__Records provided__:
_____
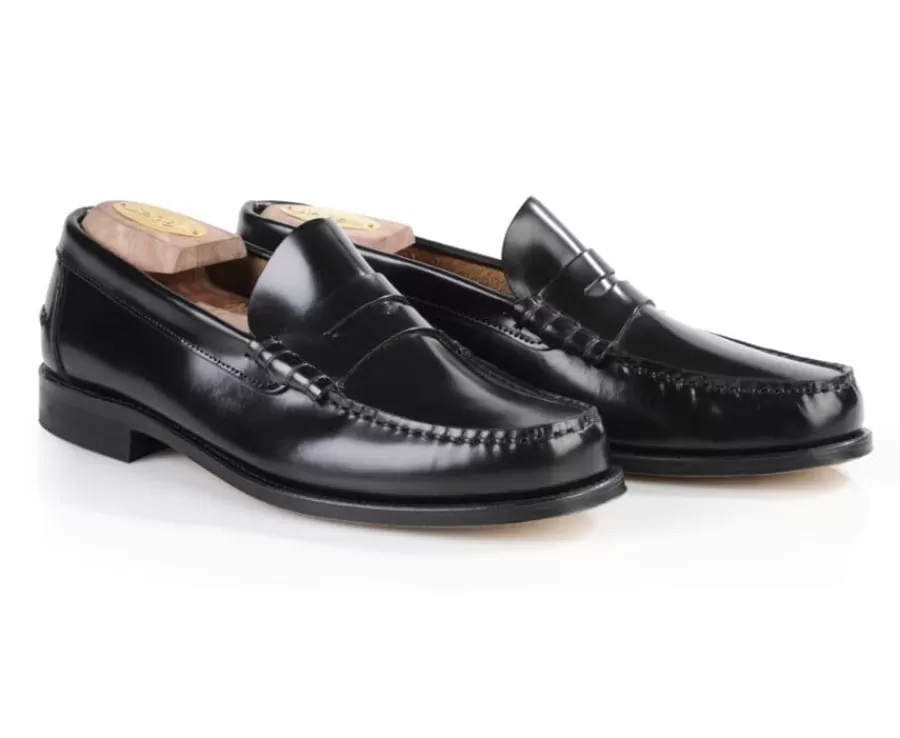 Online Mocasín hombre piel Negro Yale Zapatos Confort | Mocasines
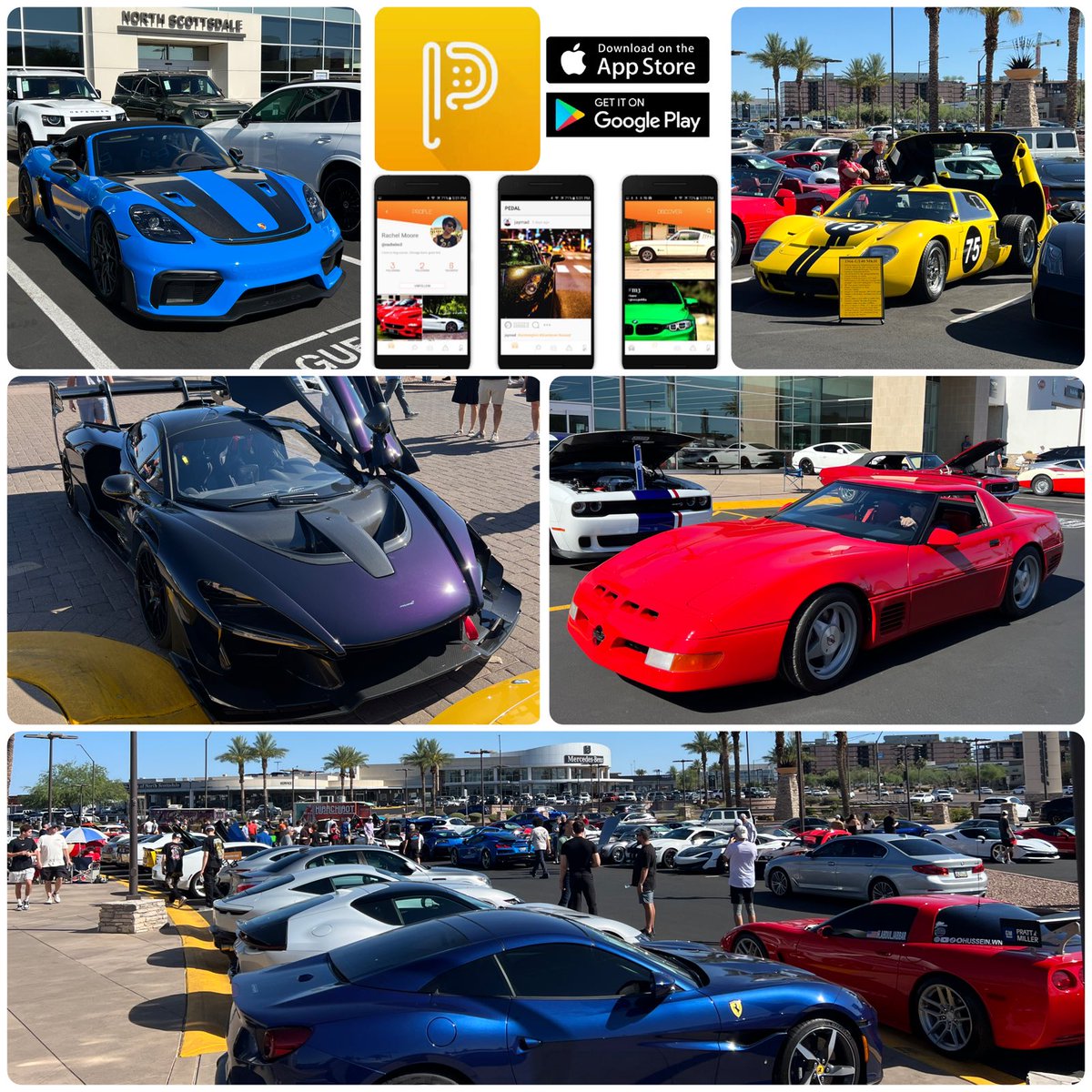 pedaltheapp's tweet photo. 🔶 @porschens Cars &amp; Coffee
🔶 See more on PEDAL ~ Free in App Stores

#porschenorthscottsdale #penskemuseum #porschespyderrs #fordgt40 #mclarensenna #senna #chevycorvette #callowaycorvette #ferrariportofino #porschemoment #carsandcoffee #pedaltheapp https://t.co/lM4EQvz2he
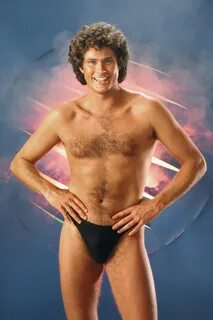 David Hasselhoff Hunky Bare Chested Pin Up in Speedo Thong K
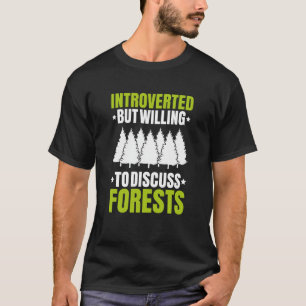 Camiseta Forestal Introvertido Forestal
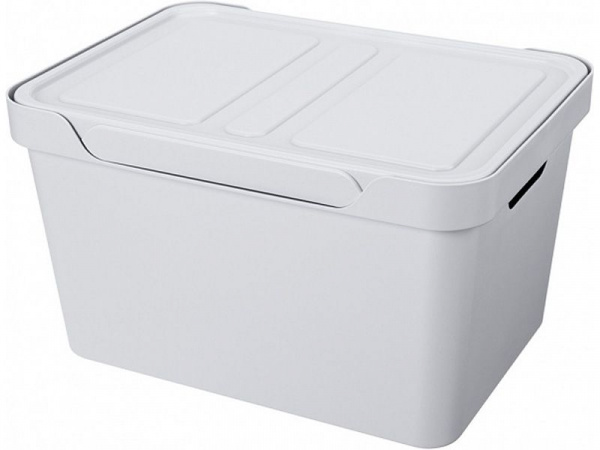 Ящик п/п LUXE 380х276х220 18л  для хранения с крышкой, арт.Luxe 18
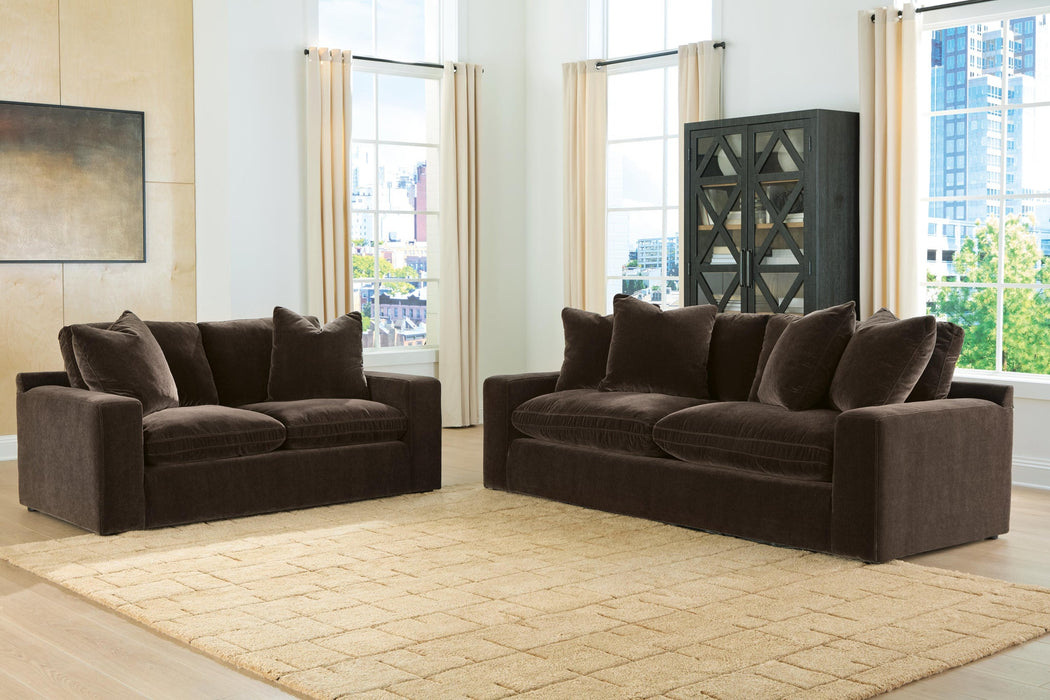 Maxton Heights Sofa and Loveseat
_____
__What the task requires__:
Retype the data above exactly; pictures are not part of the copy.

__Response below__:
 Online Mocasín hombre piel Negro Yale Zapatos Confort | Mocasines
 pedaltheapp's tweet photo. 🔶 @porschens Cars &amp; Coffee
🔶 See more on PEDAL ~ Free in App Stores

#porschenorthscottsdale #penskemuseum #porschespyderrs #fordgt40 #mclarensenna #senna #chevycorvette #callowaycorvette #ferrariportofino #porschemoment #carsandcoffee #pedaltheapp https://t.co/lM4EQvz2he
 David Hasselhoff Hunky Bare Chested Pin Up in Speedo Thong K
 Camiseta Forestal Introvertido Forestal
 Ящик п/п LUXE 380х276х220 18л  для хранения с крышкой, арт.Luxe 18
 Maxton Heights Sofa and Loveseat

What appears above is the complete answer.